Recorded data:
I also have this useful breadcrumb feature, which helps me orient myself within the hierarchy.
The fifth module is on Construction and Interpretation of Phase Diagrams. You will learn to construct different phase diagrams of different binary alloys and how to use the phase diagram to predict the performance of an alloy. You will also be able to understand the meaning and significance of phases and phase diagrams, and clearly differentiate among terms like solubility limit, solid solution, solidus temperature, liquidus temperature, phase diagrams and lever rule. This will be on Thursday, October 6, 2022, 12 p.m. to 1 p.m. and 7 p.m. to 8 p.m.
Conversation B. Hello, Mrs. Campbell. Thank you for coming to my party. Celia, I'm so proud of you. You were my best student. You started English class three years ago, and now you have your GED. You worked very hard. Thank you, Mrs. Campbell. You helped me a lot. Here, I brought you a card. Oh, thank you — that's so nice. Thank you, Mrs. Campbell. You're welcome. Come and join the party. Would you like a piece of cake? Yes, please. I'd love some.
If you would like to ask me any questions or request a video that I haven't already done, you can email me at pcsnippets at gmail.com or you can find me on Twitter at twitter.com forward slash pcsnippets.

==

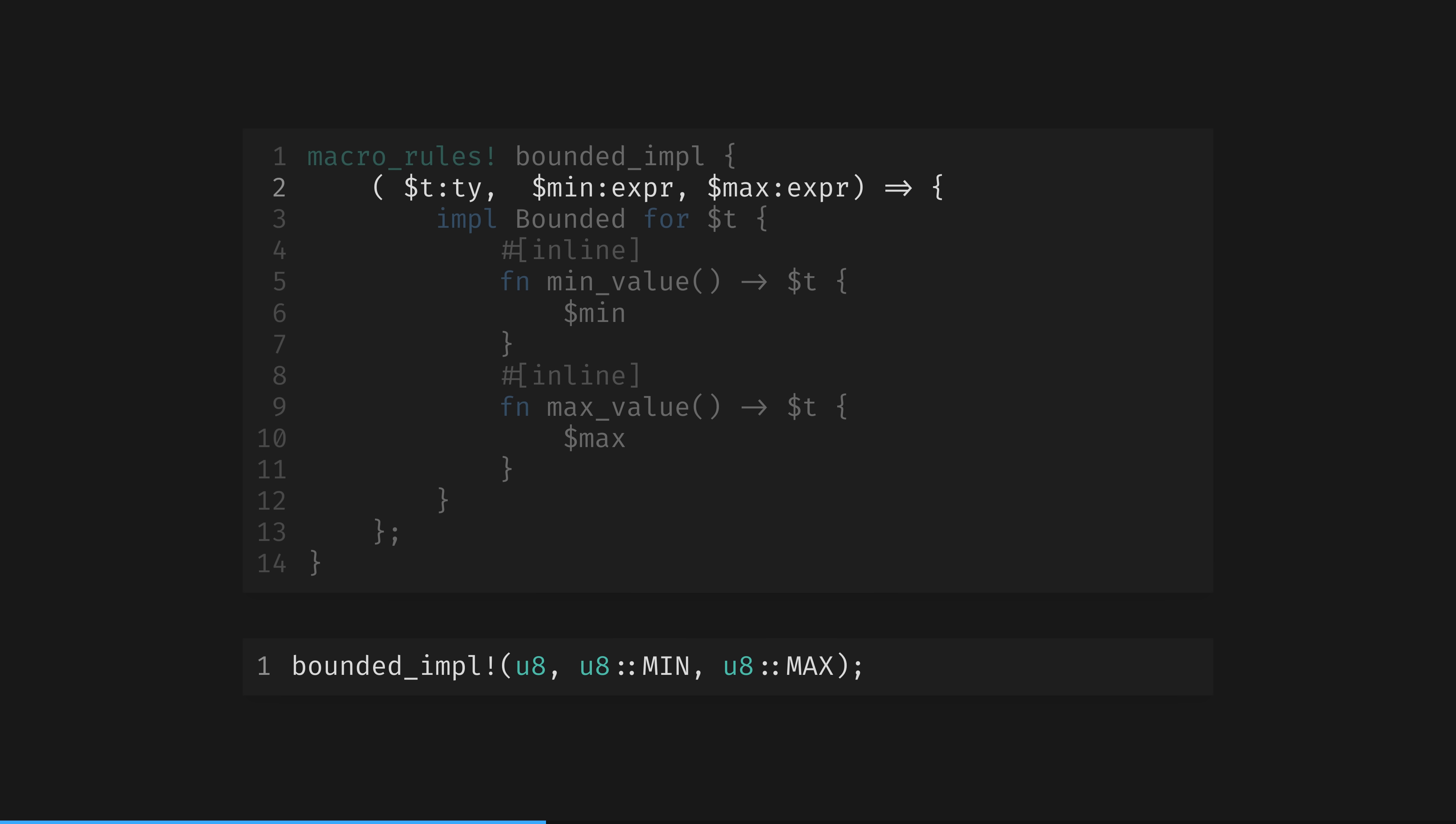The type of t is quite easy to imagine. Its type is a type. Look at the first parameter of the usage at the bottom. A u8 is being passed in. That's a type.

Your task: Copy out every line of the listing where the word "also" occurs.

Output for this task:
I also have this useful breadcrumb feature, which helps me orient myself within the hierarchy.
The fifth module is on Construction and Interpretation of Phase Diagrams. You will learn to construct different phase diagrams of different binary alloys and how to use the phase diagram to predict the performance of an alloy. You will also be able to understand the meaning and significance of phases and phase diagrams, and clearly differentiate among terms like solubility limit, solid solution, solidus temperature, liquidus temperature, phase diagrams and lever rule. This will be on Thursday, October 6, 2022, 12 p.m. to 1 p.m. and 7 p.m. to 8 p.m.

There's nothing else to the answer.